Robert E. Lee statue is removed from U.S. Capitol
An empty space remains between two statues where Virginia's statue of Confederate Gen. Robert E. Lee stood in the Crypt of the US Capitol on December 21, 2020 in Washington, DC. Overnight, workers removed the statue, which had been in place since 1909. It will be relocated to the Virginia Museum of History & Culture. Cheriss May/Getty Images/AFP.

by Bryan Pietsch



WASHINGTON (NYT NEWS SERVICE).- Virginia’s statue of the Confederate general Robert E. Lee was removed from its post in the U.S. Capitol on Monday morning, closing a year that saw Confederate statues toppled as the nation reckoned with racism in its history and institutions.

In April, the month before the killing of George Floyd in Minneapolis would set off worldwide protests against racism and police brutality, Gov. Ralph Northam of Virginia signed legislation directing the creation of a commission to study the removal and replacement of the statue. (States are each allotted two statues to display in the U.S. Capitol; Virginia’s other statue is of George Washington.)

The commission’s eight members voted July 24 to recommend the removal of the Lee statue, which will be turned over to the Virginia Museum of History & Culture in Richmond.

The statue will be replaced with one of Barbara Johns, who as a 16-year-old defied school segregation in Virginia in 1951, Northam said. The governor, a Democrat, called her “a trailblazing young woman of color” who would inspire visitors to the Capitol to “create positive change in their communities, just like she did.”

Northam said in a statement Monday that the move was an “important step forward for our commonwealth and our country.” Sen. Tim Kaine, D-Va., was present for the statue’s removal and tweeted a video of workers hoisting it down at 4:02 a.m.

The House of Representatives, in a bipartisan vote of 305-113, moved in July to purge the Capitol of Confederate statues. In June, House Speaker Nancy Pelosi ordered that the portraits of four House speakers who had served in the Confederacy be removed.

Pelosi said in a statement Monday that the removal of Virginia’s statue was “welcome news,” noting that in her first term as speaker Congress removed the statue from National Statuary Hall, an ornate section of the Capitol where a select 35 statues are displayed. The statue of Lee was in the Capitol crypt, directly beneath the rotunda, when it was taken away, Kaine said.

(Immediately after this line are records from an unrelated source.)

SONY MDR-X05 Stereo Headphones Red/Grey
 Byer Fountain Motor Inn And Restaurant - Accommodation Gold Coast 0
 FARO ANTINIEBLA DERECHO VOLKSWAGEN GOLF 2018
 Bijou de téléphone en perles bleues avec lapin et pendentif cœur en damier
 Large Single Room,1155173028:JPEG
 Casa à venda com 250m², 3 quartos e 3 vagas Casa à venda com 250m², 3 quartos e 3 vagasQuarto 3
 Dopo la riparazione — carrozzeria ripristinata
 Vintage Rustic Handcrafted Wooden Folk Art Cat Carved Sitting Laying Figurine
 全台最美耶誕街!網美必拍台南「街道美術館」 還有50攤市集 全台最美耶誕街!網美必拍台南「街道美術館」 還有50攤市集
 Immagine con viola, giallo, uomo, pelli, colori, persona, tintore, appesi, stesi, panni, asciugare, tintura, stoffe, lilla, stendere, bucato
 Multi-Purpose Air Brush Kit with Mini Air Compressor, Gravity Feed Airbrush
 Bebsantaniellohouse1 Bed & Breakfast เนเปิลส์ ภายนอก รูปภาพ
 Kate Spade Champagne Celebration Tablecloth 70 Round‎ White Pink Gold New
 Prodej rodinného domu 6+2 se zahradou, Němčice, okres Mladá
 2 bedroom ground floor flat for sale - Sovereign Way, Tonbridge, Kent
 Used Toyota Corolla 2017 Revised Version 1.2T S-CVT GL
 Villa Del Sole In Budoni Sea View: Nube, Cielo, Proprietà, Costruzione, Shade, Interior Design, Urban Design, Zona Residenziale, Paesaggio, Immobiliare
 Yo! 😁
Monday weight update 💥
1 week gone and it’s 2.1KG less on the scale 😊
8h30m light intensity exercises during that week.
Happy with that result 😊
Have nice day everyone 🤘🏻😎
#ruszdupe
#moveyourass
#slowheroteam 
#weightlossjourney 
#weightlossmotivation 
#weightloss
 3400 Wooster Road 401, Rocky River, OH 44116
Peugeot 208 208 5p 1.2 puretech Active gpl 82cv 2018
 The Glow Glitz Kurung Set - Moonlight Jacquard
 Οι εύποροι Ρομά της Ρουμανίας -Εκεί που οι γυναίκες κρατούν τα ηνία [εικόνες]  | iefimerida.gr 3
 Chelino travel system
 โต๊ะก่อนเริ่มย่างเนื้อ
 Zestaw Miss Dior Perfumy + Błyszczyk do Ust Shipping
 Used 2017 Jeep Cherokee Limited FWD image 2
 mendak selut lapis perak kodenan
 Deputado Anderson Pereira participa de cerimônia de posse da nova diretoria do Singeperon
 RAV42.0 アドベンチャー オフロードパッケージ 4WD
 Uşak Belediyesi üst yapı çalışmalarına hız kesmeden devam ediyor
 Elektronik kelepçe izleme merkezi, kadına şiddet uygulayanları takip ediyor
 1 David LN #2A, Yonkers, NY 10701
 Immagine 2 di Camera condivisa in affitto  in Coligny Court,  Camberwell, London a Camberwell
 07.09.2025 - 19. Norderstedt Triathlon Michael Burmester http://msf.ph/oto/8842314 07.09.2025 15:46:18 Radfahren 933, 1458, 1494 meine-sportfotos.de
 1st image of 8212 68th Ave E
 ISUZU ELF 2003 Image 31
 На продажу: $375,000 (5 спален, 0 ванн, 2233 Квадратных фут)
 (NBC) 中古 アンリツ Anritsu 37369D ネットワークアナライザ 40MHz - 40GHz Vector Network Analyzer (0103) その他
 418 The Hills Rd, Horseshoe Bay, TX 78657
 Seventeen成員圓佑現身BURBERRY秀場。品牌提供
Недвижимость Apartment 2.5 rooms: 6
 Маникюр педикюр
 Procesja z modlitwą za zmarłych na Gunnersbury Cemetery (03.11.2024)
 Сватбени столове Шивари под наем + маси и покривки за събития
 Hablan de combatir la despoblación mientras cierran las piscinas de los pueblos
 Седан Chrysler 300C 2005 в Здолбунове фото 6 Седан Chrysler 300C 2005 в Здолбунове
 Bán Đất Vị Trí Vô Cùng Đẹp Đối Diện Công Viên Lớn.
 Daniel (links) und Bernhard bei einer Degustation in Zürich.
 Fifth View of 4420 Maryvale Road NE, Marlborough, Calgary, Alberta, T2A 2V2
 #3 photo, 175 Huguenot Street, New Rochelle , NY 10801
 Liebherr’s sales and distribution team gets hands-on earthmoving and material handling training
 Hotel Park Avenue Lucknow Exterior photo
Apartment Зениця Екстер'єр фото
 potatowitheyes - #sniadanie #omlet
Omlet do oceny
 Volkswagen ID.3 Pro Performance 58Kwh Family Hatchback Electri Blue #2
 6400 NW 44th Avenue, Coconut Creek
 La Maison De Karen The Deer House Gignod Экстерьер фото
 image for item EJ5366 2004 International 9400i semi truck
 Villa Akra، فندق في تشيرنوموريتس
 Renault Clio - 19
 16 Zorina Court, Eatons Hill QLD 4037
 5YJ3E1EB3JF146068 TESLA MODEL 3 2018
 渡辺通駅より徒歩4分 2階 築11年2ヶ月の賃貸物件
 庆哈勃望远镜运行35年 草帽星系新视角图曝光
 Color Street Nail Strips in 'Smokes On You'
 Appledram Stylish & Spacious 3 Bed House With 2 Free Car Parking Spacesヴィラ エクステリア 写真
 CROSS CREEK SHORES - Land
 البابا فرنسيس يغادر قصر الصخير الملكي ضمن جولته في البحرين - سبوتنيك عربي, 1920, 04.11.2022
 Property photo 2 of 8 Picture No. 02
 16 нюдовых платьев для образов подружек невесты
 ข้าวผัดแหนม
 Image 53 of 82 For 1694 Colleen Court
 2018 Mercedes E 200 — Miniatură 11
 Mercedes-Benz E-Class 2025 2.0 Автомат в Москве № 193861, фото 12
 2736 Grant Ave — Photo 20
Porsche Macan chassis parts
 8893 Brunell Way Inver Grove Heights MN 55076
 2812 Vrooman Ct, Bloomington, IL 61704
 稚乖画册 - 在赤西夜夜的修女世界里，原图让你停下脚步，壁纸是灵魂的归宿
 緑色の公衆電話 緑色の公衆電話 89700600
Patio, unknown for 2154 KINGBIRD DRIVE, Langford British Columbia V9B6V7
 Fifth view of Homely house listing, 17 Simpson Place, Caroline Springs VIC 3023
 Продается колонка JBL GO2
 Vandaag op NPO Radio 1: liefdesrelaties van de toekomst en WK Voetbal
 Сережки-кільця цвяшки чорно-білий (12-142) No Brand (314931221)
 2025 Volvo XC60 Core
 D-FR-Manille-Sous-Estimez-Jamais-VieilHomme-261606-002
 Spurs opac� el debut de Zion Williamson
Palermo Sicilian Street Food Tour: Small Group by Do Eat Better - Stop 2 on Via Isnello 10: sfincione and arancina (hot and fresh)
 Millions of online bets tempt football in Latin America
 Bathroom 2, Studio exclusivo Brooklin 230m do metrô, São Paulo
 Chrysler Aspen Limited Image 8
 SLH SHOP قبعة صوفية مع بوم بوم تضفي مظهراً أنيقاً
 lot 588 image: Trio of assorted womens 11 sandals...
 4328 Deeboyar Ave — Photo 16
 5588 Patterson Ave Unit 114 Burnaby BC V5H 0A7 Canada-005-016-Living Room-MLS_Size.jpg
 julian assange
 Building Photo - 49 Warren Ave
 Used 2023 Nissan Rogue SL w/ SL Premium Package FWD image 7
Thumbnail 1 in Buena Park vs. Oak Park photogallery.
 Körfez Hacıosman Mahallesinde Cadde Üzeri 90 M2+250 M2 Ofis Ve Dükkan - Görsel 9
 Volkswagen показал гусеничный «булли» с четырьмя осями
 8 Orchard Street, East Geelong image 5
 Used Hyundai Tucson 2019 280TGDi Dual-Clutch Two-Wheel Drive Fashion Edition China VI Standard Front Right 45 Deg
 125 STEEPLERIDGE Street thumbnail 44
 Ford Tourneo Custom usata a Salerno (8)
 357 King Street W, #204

In June, Northam ordered the removal of another statue of Lee, in Richmond. The order was challenged by local residents, but a state judge ruled in October that the monument could be taken down.

That statue, on Monument Avenue, became a site of protest during the summer, with images of Harriet Tubman and George Floyd projected on it. The statue’s base was marked with graffiti and messages like “Stop killing us” and “Defund the police.”

The removal of yet another Lee statue, in Charlottesville, Virginia, was opposed by white supremacists who held a rally in 2017 that led to the killing of a counterprotester, Heather Heyer. A white supremacist, James Field, was convicted of murder and sentenced to life in prison for driving his car into a crowd, killing Heyer and injuring others.




At the time, President Donald Trump said of the rally that there had been “hatred, bigotry and violence on many sides.” White supremacists praised his comments.

Trump had threatened to hold up this year’s defense authorization bill over a provision — which had garnered strong bipartisan support — to strip the names of Confederate leaders from military bases. (The House and the Senate overwhelmingly passed the bill this month, defying the president’s veto threat.)

The president has called the removal of monuments to the Confederacy “foolish,” tweeting in 2017: “Sad to see the history and culture of our great country being ripped apart with the removal of our beautiful statues and monuments.” (That the toppling of Confederate monuments is an attack on American culture is a sentiment that has been echoed by various members of the Republican Party; one state senator-elect in Arizona criticized the statue’s removal on Monday, tweeting, “They are coming after all of us.”)

President-elect Joe Biden said in June that Confederate monuments “belong in museums; they don’t belong in public places.”

The statue of Johns will join one of Rosa Parks in the Capitol. The Parks statue stands in Statuary Hall but is not affiliated with a specific state.

Johns organized a walkout for her all-Black school of 450 students, who were crammed into a single-story building in Farmville, Virginia, that lacked a gym, a cafeteria and laboratories. The protest preceded the Montgomery, Alabama, bus boycott by four years.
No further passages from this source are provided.